This is a warning to inexperienced and experienced techs alike:
The De-facto standard is to have the primary side heatsink live in switching power supplies.
That is the primary side heatsink is referenced to the negative of the bulk filtering capacitor.
Therefore never ever touch the heatsink if the device is plugged in.
And even if it is unplugged let the capacitor discharge first!

Another really serious concern is that the power switch also by De-facto standard is single pole.
This means it only cuts power to the phase or neutral (not both) depending which way you have it plugged in if you have a Schuko plug or another non-polarized plug.
This means that when the device is switched off you will read 230VAC on the primary side heatsink to ground! (Or 115VAC if that is your mains voltage).

In the following picture I show a Fluke 113 measuring the voltage, I'm using this as it has a 3KΩ measurement impedance, so it presents a quite heavy load to the circuit being measured.
This is to allow you to understand that it is a real voltage we are speaking about and not a phantom floating voltage as you can sometimes see in house wiring.
Indeed it is large enough that I can't use the 30mA RCD you also see in the picture: because it will trip!
Then I also use a Fluke 225C Scopemeter to show the actual waveform.

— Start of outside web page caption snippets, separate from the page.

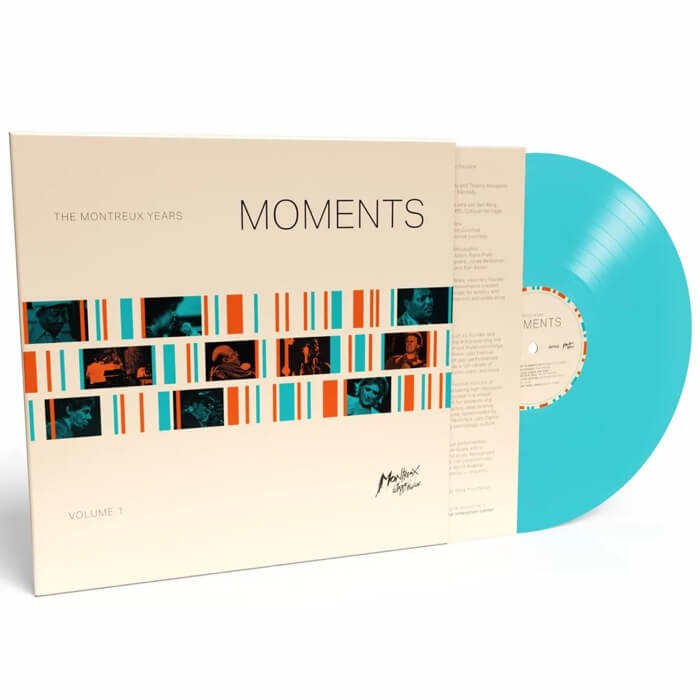 The Montreux Years Moments Vol. 1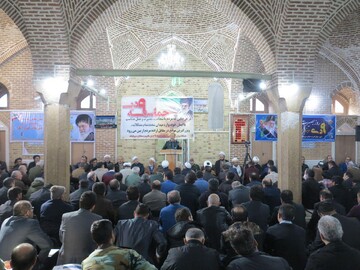 مردم آذربایجان‌غربی امنیت را با هیچ چیزی معامله نخواهند کرد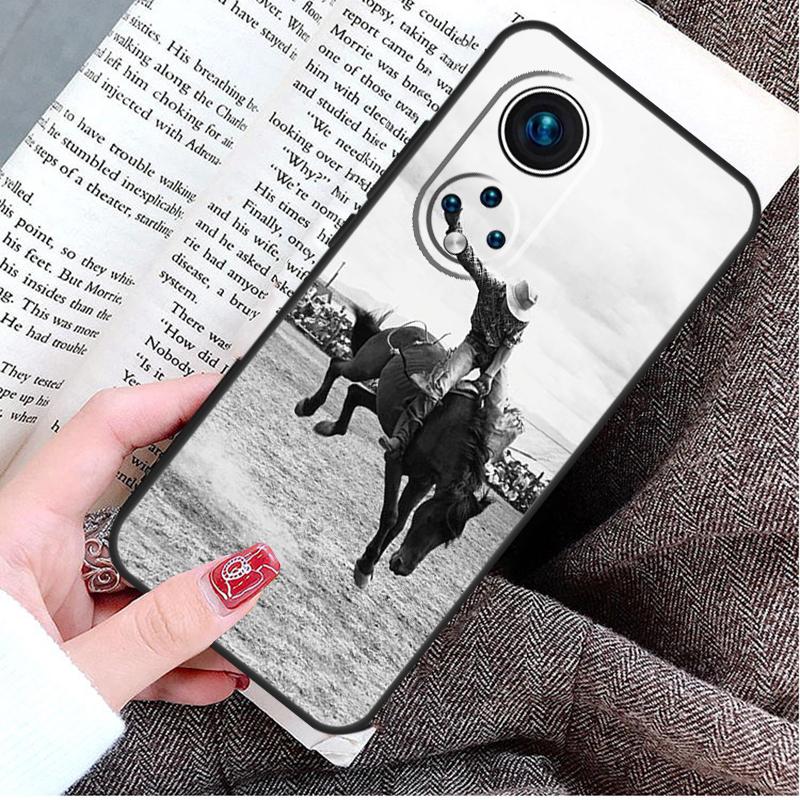 Чехол Rodeo Cowboy Lasso для Honor Magic 8 7 6 Pro Honor X9d X9c X9b X9a X8b X8c Win 50 70 90 200 400 Lite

Here is the voltage of the primary heatsink with relation to ground with the unit switched off on the single pole switch:
As you can see we are reading 237VAC (our line voltage)

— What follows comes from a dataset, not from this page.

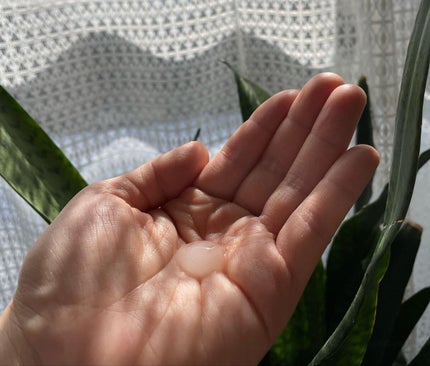 モイストゲルプラス/Re dermalab/オールインワン化粧品を使ったクチコミ(3枚目)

And here is the voltage waveform of the primary heatsink with relation to ground with the unit switched on:
(As you can see the meters show a voltage of roughly 167VAC but this is a RMS approximation that is not so useful).

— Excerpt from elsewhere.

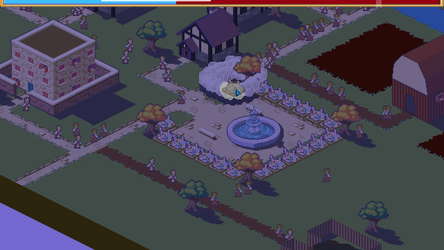 Where Noble Plans Lie screenshot 3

The actual DC voltage is of course our rectified AC voltage that is close to 340VDC due to my slightly high line voltage (√2 x 240VAC = 339.4VDC)
I've added some cursors here to better clarify what I mean:

It is also extremely important to point out that the only safe way to measure on the primary side with an oscilloscope is using a differential probe or with a Scopemeter that is not referenced to mains ground.
Because if we wanted to get a useful reading here we would need to clip the negative lead to the primary side heatsink since that is the negative of the primary side.
And I hope you understand now why that would end extremely badly, if not please watch EEVblog #279 - How NOT To Blow Up Your Oscilloscope!
Note: if you wish to discuss this thread please use the original located here:
Attached Images
File Type: jpg PSU Switch Off.jpg (1.87 MB, 15 views)
File Type: jpg PSU Switch On.jpg (2.07 MB, 9 views)
File Type: png PSU Switch Off.png (8.6 KB, 7 views)
File Type: png PSU Switch On.png (7.5 KB, 5 views)
File Type: png PSU Switch On with cursors.png (8.0 KB, 7 views)
"The one who says it cannot be done should never interrupt the one who is doing it."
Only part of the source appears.